By Kevin Gray
We owe London to Rome and, in a way, Statistics to Monaco. Quite a few of our earliest statisticians were mathematicians with a interest in games of chance and, in jest, I have even described myself as a professional gambler. (Attention wanders quickly, though, when I begin to describe what I really do…)
Some of you may have heard of MCMC – Markov Chain Monte Carlo – which is used extensively in Bayesian Statistics. There is actually a thick volume entirely devoted to that subject entitled Handbook of Markov Chain Monte Carlo (Brooks et al.). I won’t get into Bayesian methods in this post but Professor Andrew Gelman gives a nice overview on his blog in Bayesian statistics: What’s it all about?
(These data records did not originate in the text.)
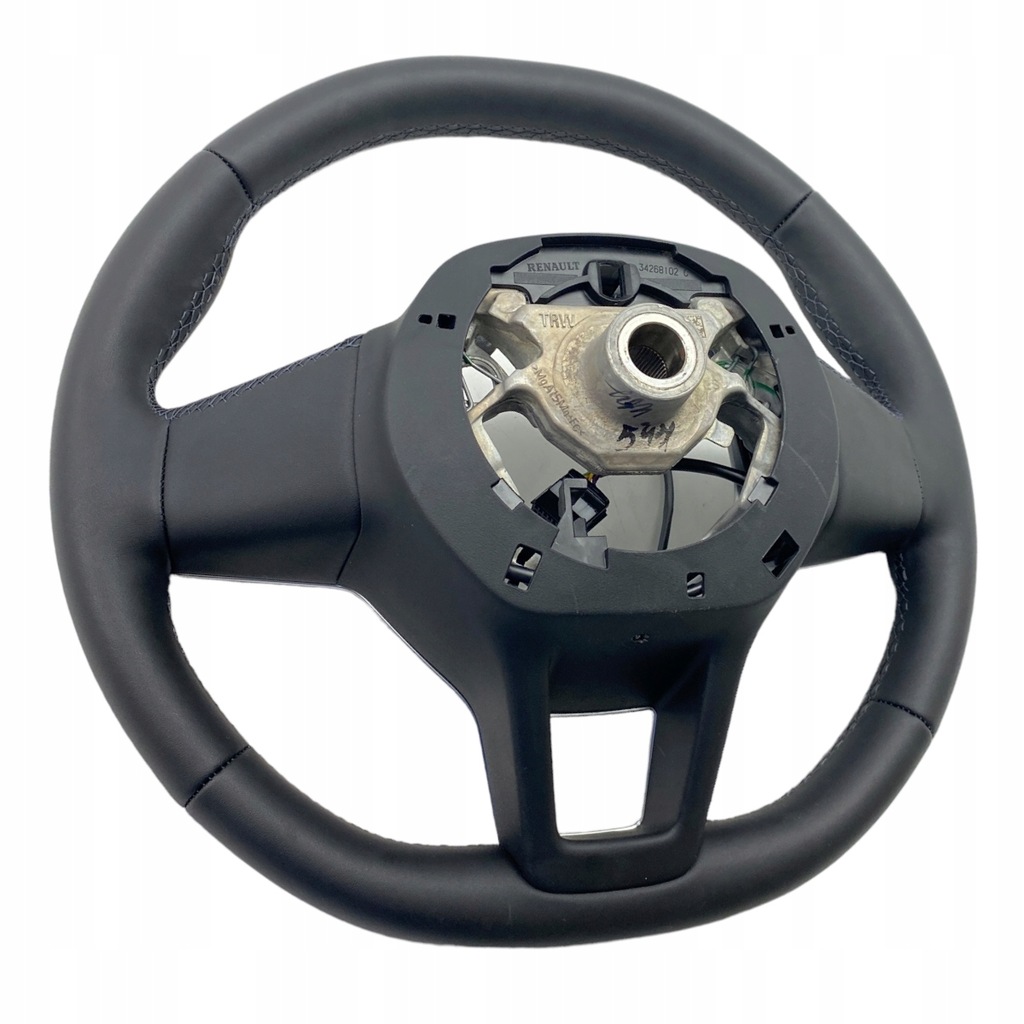 фото №10, Воздуховод renault clio v 484002607r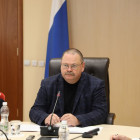 Мельниченко объявил о новом назначении в правительстве Пензенской области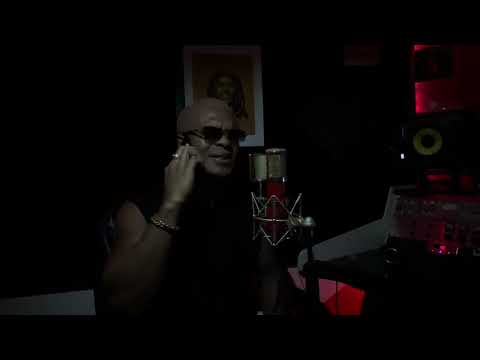 Chamaco - 7 Trompetas (Video Visualizer)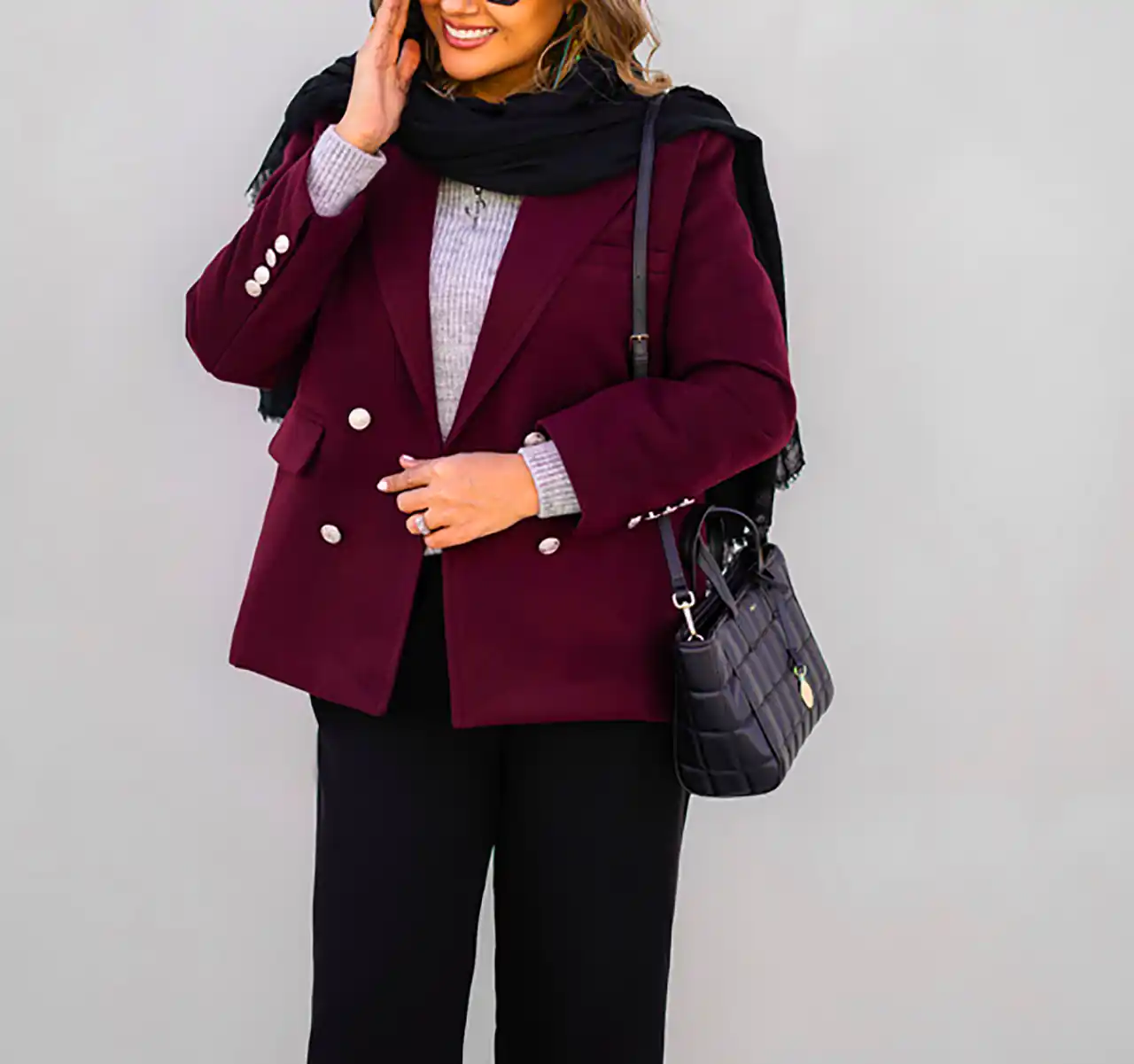 مدل کت اسپرت جدید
So what are Monte Carlo studies? Though we may sometimes feel we’re drowning in data, truth be told, we frequently don’t have the data we need for specific purposes. This holds for university professors as well. Collecting and assembling new data takes time and money and the new data are not guaranteed to suit our objectives.
Say a statistician would like to evaluate a new (or existing) statistical procedure, machine learning algorithm or fit index. A single sample of real data will rarely be enough. Moreover, it would only be a sample and by definition subject to sampling error. What if, instead, we could create our own population and “sample” from it? Since we have designed the population ourselves, we know the answer in advance.
With today’s computers it’s easy to simulate thousands or even hundreds of thousands of samples of based on hypothetical populations (which are often inspired by real data). Importantly, it’s possible tweak these imaginary populations to see how well the new algorithm (or whatever) holds up under various experimental combinations of sample size, skewness, kurtosis, collinearity and what have you. Knowing the truth – because we’ve created it – allows us to accurately assess the algorithm’s performance and also compare it against alternatives.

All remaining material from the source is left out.